Statistical and Topological Summaries Aid Disease Detection for Segmented Retinal Vascular Images
This work addresses automated disease detection for patients with conditions like diabetes, but it is incremental as it compares existing computational methods without introducing new paradigms.
The study tackled the problem of detecting microvascular diseases like diabetic retinopathy by evaluating machine learning algorithms trained on statistical and topological summaries of segmented retinal vascular images, finding that a Box-counting descriptor vector achieved the highest accuracy on a merged dataset.

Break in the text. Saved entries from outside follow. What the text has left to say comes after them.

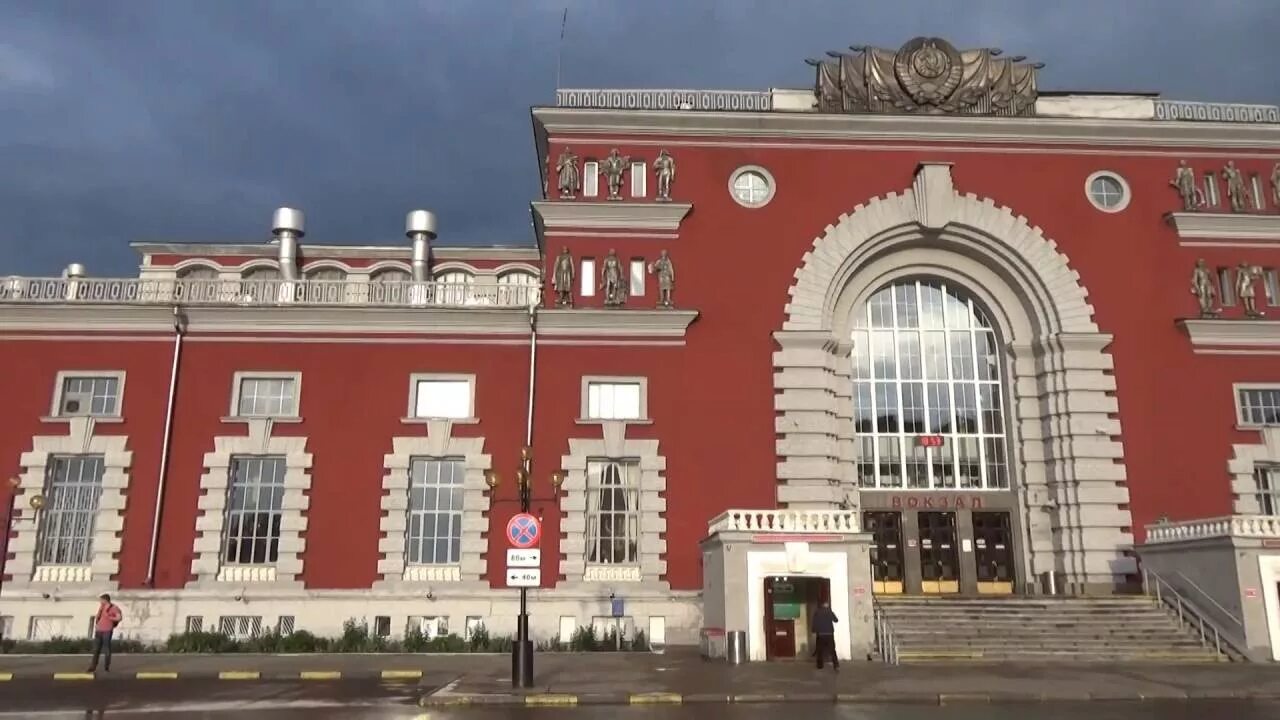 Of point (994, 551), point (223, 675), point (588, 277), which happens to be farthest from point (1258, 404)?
point (223, 675)

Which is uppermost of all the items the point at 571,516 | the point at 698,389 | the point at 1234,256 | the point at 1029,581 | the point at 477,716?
the point at 1234,256

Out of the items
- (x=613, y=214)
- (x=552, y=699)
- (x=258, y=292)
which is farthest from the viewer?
(x=258, y=292)

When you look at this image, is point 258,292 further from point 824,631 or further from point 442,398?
point 824,631

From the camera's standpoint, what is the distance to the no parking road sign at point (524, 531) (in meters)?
18.1

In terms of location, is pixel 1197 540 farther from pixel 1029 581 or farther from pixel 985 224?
pixel 985 224

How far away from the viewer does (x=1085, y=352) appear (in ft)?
95.5

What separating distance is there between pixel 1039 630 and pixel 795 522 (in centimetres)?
677

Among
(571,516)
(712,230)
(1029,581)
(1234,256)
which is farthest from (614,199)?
(1234,256)

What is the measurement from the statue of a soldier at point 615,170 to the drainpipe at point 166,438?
13400mm

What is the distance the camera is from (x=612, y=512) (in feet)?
91.1

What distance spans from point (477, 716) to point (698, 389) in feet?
48.8

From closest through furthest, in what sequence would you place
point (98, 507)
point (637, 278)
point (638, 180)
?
point (98, 507) < point (637, 278) < point (638, 180)

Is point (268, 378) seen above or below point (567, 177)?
below

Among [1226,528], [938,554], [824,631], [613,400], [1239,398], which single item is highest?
[1239,398] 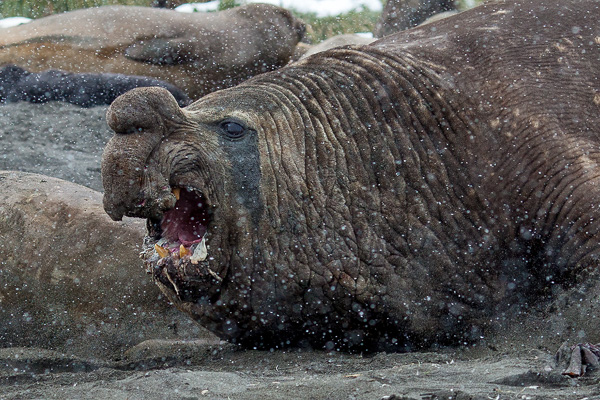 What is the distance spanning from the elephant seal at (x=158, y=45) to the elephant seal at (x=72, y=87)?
0.77 metres

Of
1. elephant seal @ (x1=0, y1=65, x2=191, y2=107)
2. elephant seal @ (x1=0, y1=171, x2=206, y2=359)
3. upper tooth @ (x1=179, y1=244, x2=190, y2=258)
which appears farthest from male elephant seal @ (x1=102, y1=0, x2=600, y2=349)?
elephant seal @ (x1=0, y1=65, x2=191, y2=107)

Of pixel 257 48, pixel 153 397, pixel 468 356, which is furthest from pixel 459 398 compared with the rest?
pixel 257 48

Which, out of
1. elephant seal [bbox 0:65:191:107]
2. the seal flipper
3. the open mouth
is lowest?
the open mouth

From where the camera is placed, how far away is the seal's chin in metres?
4.14

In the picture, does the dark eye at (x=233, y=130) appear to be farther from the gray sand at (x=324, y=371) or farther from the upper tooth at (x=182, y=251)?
the gray sand at (x=324, y=371)

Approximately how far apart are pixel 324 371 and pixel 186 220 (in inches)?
42.0

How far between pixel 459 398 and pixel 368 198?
1853mm

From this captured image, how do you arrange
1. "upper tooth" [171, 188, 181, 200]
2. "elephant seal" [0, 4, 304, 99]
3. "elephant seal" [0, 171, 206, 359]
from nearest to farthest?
1. "upper tooth" [171, 188, 181, 200]
2. "elephant seal" [0, 171, 206, 359]
3. "elephant seal" [0, 4, 304, 99]

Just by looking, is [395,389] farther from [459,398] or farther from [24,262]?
[24,262]

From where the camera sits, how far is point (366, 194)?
4.45 m

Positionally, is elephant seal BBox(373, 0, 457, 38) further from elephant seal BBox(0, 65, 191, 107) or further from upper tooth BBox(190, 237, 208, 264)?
upper tooth BBox(190, 237, 208, 264)

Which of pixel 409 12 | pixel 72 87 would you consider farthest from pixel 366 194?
pixel 409 12

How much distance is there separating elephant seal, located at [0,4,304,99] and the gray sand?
626cm

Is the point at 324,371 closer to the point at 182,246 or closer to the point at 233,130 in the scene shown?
the point at 182,246
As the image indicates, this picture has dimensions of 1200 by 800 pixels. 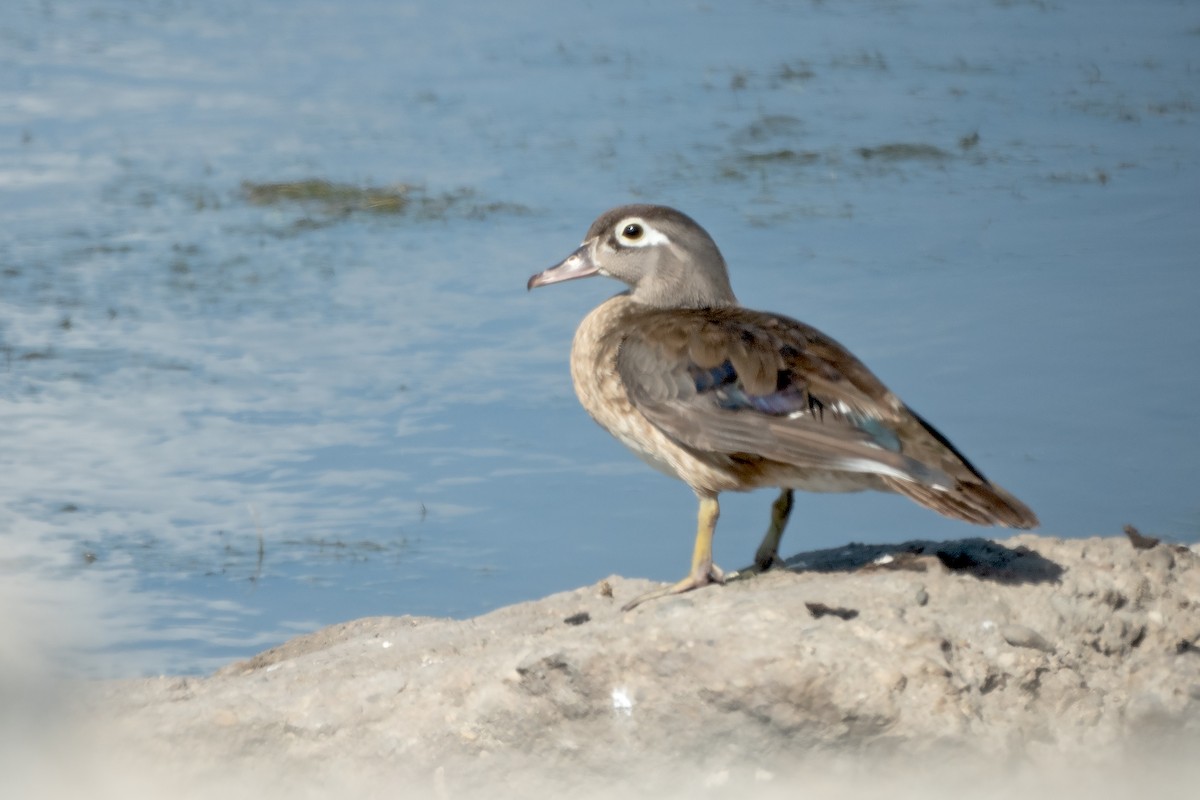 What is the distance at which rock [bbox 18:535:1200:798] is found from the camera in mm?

Disease complications can alter vascular network morphology and disrupt tissue functioning. Diabetic retinopathy, for example, is a complication of types 1 and 2 diabetes mellitus that can cause blindness. Microvascular diseases are assessed by visual inspection of retinal images, but this can be challenging when diseases exhibit silent symptoms or patients cannot attend in-person meetings. We examine the performance of machine learning algorithms in detecting microvascular disease when trained on statistical and topological summaries of segmented retinal vascular images. We apply our methods to three publicly-available datasets and find that, among the 13 total descriptor vectors we consider, either a statistical Box-counting descriptor vector or a topological Flooding descriptor vector achieves the highest accuracy levels on these datasets. We then created a fourth dataset by merging several datasets: the Box-counting vector outperforms all descriptors on this dataset, including the topological Flooding vector which is sensitive to differences in the annotation styles within the combined dataset. Our work represents a first step to establishing which computational methods are most suitable for identifying microvascular disease as well as some of their current limitations. In the longer term, these methods could be incorporated into automated disease assessment tools.